Abstract

In the ”Denk” project (”Dialogue handling and knowledge transfer”) we are implementing a multi-modal interface, combining graphics and language, that allows a user to interact with an object-oriented world. Using mouse and screen, the user has direct access to this world, but he can also converse about it with a so-called cooperative assistant, which happens to be an expert on the world in question. The cognitive state of this assistent is modelled in Type Theory. As has been pointed out in [9], [11], there are also good reasons to use Type Theory as a semantic representation formalism underlying natural language. If we combine these ideas, we can model cognitive states in Type Theory which change dynamically as a result of natural language utterances. In this way we can not only handle typical natural language phenomena, like anaphora resolution and the identification of presuppositions, but we can also mimic the different behaviours associated with questions and assertions. One of the key elements in our approach is that we model both the assistants' private knowledge about the world, and the common knowledge of user and assistant.
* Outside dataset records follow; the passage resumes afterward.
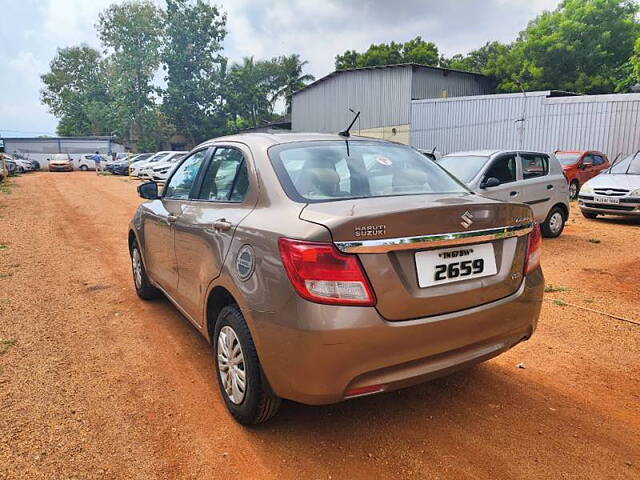 Used Maruti Suzuki Dzire [2017-2020] VDi in Madurai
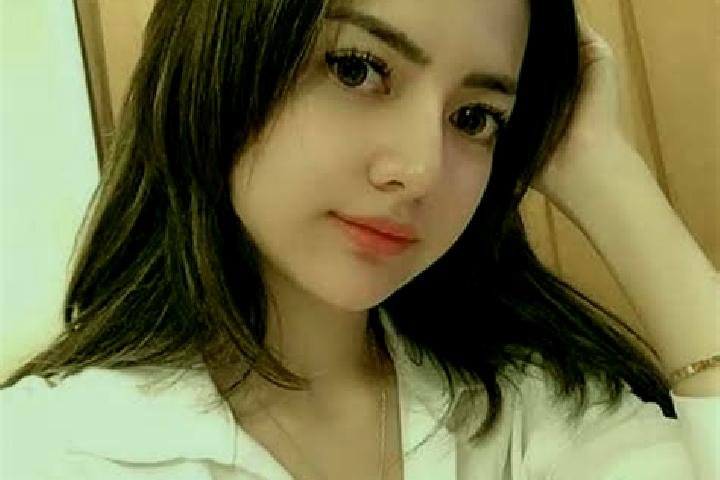Penelope, 27 — Escort in Dalangdesa, Indonesia
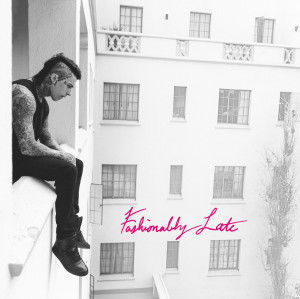 Falling In Reverse – Fashionably Late (Epitaph Europe)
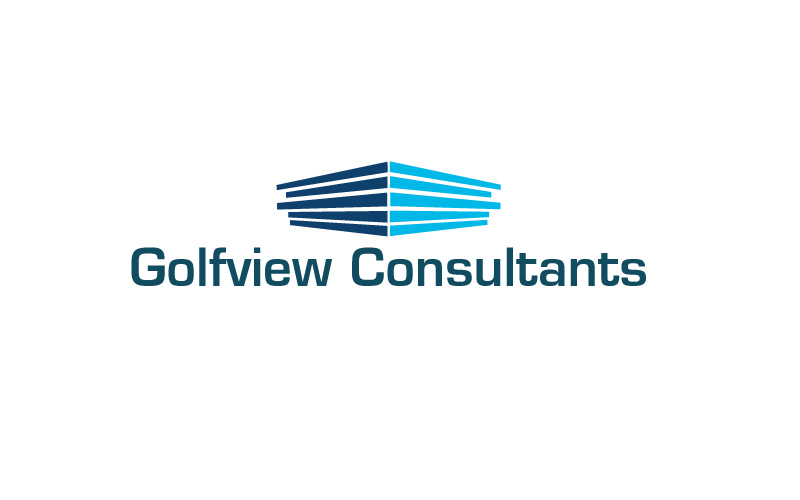 Building Consultants Logo Design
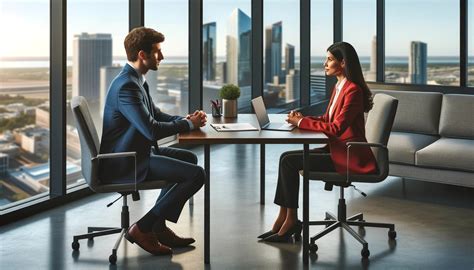 Interview Transcript Example 的图像结果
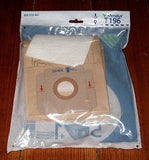 Electrolux The Boss, Xio, Mondo+, Volta Rolfy Vacuum Cleaner Bags - Part # T196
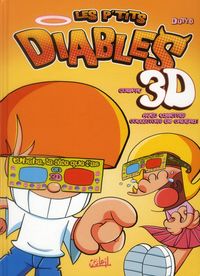 Produktbild: Pt diables 3d t3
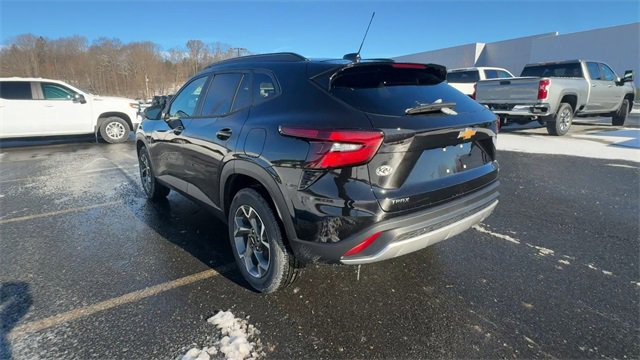 New 2026 Chevrolet Trax LT image 9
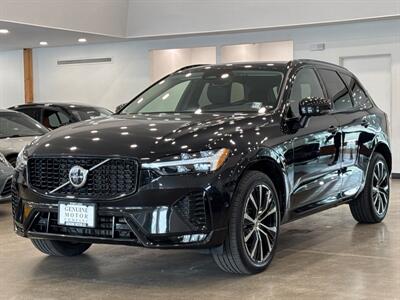 2024 Volvo XC60 B5 Plus Dark Theme  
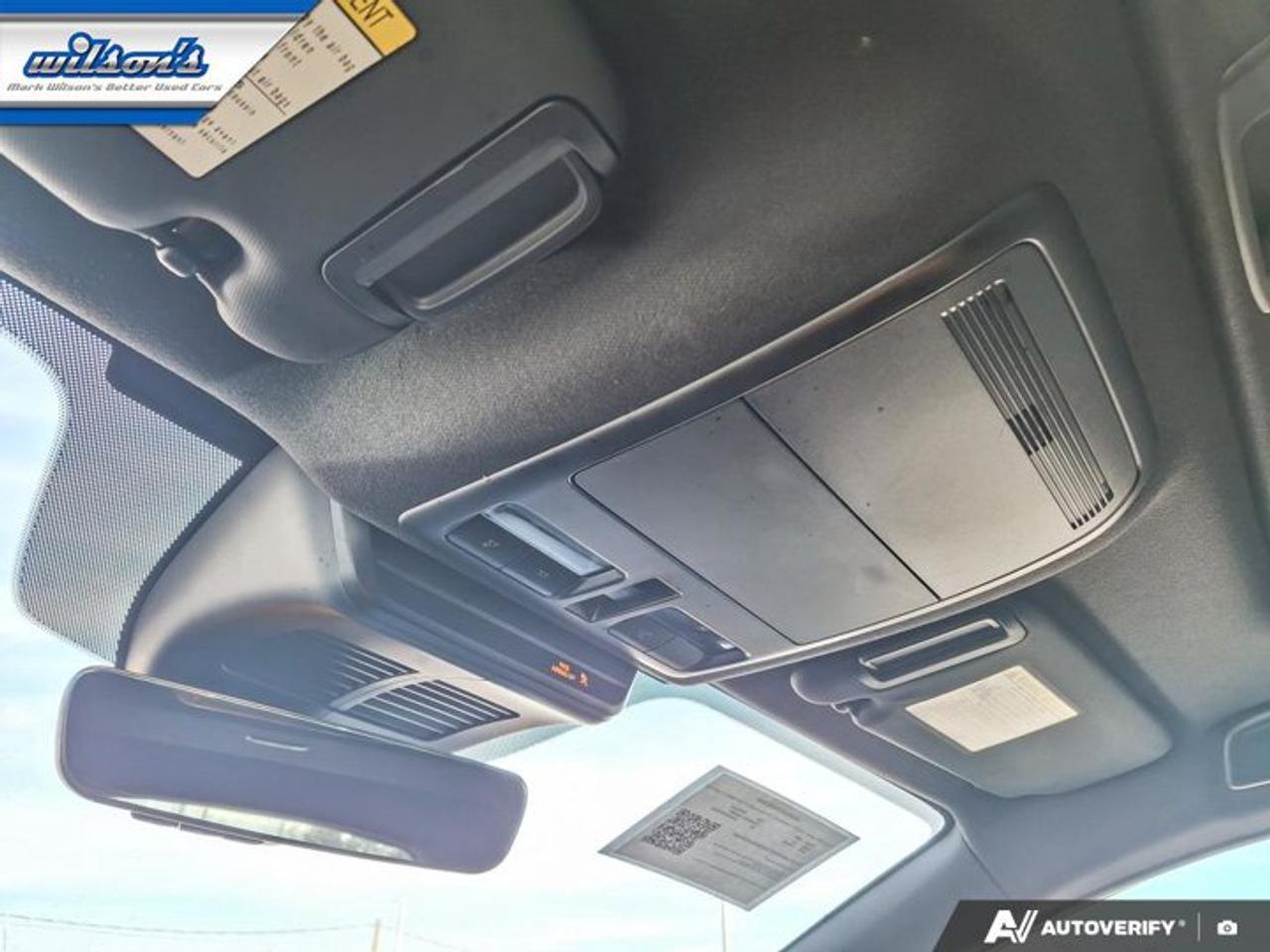 2024 Mazda MAZDA3 Sport GT | Leather | Sunroof | Heated Seats + Steering | Adaptive Cruise | Memory Seats & More ! Photo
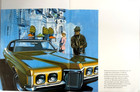 1970 Pontiac Grand Prix Prestige Brochure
These are represented by type theoretic contexts, where the latter is contained within the former. In a communication process, knowledge is transferred from the outer to the inner context, and the common knowledge grows steadily. Because knowledge states are not directly accessible for an outsider, the identity of objects can not be communicated directly between two agents, unless they use the fact that their knowledge is semantically attached to a world which they can both observe. This makes the communciation processes quite interesting, as will be illustrated for several simple cases.